#### Saved data entries
◆ ◆ ◆

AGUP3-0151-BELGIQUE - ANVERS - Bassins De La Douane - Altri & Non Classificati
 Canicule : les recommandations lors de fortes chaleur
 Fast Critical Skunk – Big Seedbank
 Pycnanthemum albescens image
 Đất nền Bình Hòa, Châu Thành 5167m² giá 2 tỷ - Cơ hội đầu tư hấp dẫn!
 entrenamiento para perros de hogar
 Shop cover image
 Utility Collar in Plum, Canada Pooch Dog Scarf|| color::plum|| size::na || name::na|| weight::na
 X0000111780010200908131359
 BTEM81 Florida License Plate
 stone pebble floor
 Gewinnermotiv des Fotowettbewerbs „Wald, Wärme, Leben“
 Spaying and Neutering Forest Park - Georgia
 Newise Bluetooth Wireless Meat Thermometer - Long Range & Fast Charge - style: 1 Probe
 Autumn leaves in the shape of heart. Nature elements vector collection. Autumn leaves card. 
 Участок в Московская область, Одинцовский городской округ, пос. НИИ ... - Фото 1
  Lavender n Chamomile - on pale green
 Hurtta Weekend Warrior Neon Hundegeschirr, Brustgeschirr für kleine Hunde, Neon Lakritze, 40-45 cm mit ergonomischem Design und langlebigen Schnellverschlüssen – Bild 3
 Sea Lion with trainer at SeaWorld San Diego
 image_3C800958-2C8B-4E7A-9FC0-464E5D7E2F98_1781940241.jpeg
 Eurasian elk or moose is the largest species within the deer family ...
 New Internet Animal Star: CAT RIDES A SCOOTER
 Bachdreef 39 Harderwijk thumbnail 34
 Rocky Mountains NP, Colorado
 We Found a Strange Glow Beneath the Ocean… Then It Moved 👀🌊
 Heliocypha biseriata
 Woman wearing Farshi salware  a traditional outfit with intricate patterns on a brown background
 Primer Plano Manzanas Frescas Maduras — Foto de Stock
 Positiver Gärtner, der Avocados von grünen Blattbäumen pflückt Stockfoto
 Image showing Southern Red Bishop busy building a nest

◆ ◆ ◆

#### Instructions for the task
Starting with the line that holds "Участок в Московская" and ending with the line that holds "Lavender n Chamomile - on pale green", retype every line in the data above exactly, and nothing else.

#### Response for this exercise
 Участок в Московская область, Одинцовский городской округ, пос. НИИ ... - Фото 1
  Lavender n Chamomile - on pale green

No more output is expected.